- Provided information
=== Begin Enclosure ===
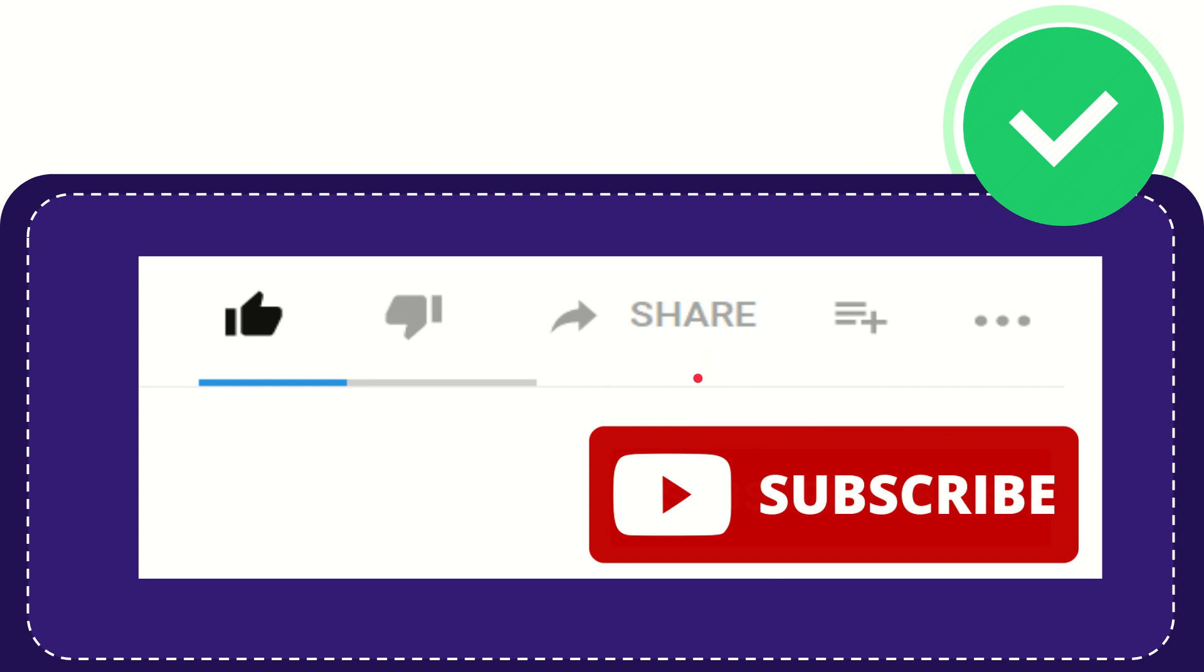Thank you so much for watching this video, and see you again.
=== End Enclosure ===
=== Begin Enclosure ===
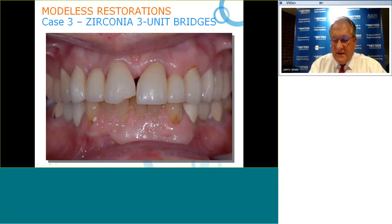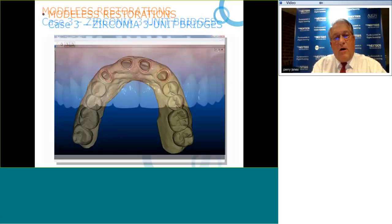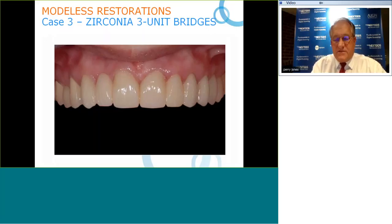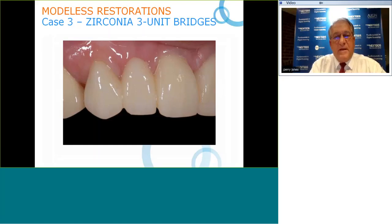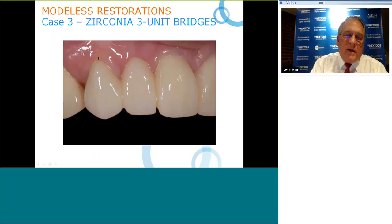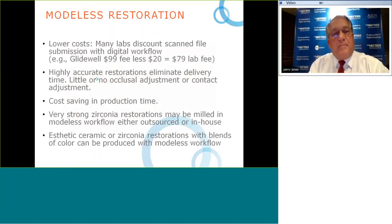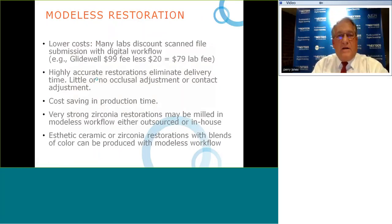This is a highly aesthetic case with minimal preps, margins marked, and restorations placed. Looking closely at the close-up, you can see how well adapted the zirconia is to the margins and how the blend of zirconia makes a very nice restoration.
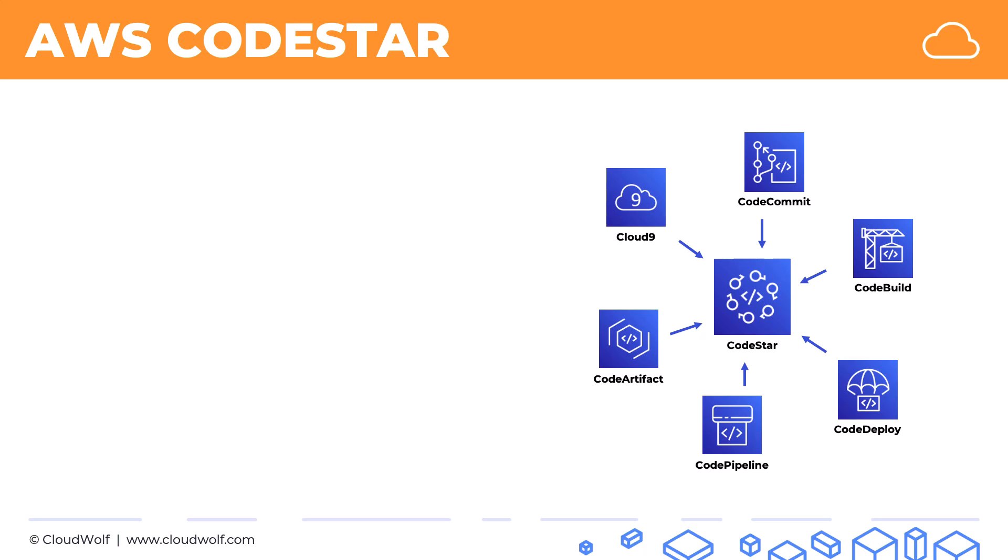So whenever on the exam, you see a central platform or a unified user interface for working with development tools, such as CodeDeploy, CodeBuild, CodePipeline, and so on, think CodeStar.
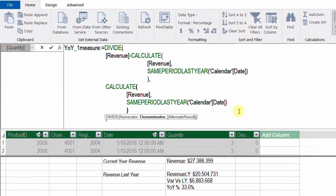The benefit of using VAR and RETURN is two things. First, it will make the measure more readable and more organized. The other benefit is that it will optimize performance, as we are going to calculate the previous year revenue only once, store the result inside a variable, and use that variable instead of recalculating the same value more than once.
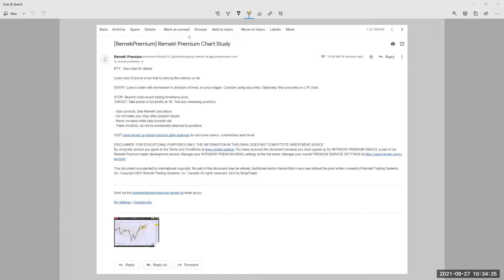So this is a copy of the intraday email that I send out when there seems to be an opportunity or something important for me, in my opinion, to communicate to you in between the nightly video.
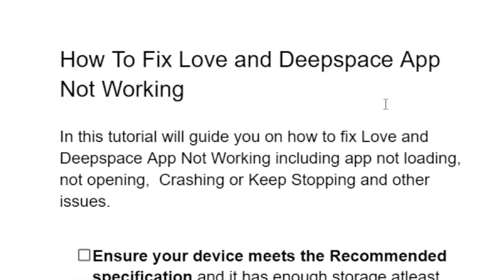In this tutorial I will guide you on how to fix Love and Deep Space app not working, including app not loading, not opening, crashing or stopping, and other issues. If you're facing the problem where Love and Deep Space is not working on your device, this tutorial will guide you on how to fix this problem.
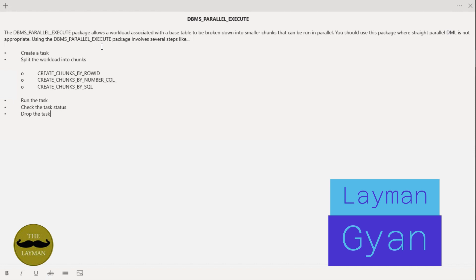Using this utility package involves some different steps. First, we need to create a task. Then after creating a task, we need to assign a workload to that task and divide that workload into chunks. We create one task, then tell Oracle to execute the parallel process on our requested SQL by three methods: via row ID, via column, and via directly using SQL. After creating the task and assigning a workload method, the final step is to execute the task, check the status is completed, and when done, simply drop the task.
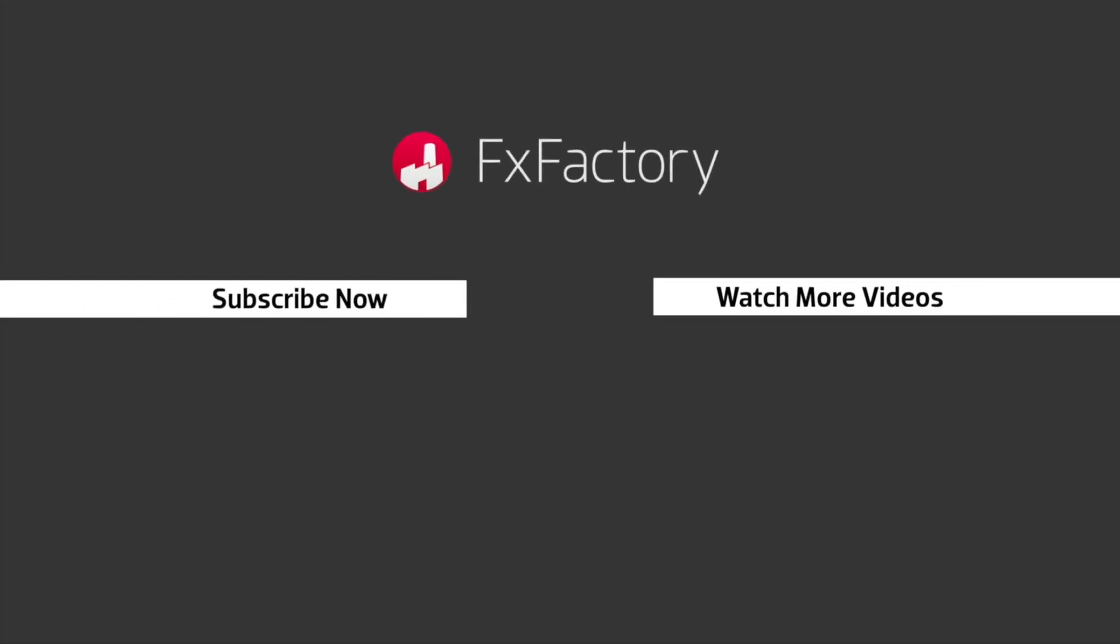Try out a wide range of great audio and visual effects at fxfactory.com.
=== End Enclosure ===
- Exercise directions
Print nothing but the lines above starting with the line that contains "The benefit of" and going on through the line that contains "Try out a wide". Leave out the pictures.

- Result
The benefit of using VAR and RETURN is two things. First, it will make the measure more readable and more organized. The other benefit is that it will optimize performance, as we are going to calculate the previous year revenue only once, store the result inside a variable, and use that variable instead of recalculating the same value more than once.
So this is a copy of the intraday email that I send out when there seems to be an opportunity or something important for me, in my opinion, to communicate to you in between the nightly video.
In this tutorial I will guide you on how to fix Love and Deep Space app not working, including app not loading, not opening, crashing or stopping, and other issues. If you're facing the problem where Love and Deep Space is not working on your device, this tutorial will guide you on how to fix this problem.
Using this utility package involves some different steps. First, we need to create a task. Then after creating a task, we need to assign a workload to that task and divide that workload into chunks. We create one task, then tell Oracle to execute the parallel process on our requested SQL by three methods: via row ID, via column, and via directly using SQL. After creating the task and assigning a workload method, the final step is to execute the task, check the status is completed, and when done, simply drop the task.
Try out a wide range of great audio and visual effects at fxfactory.com.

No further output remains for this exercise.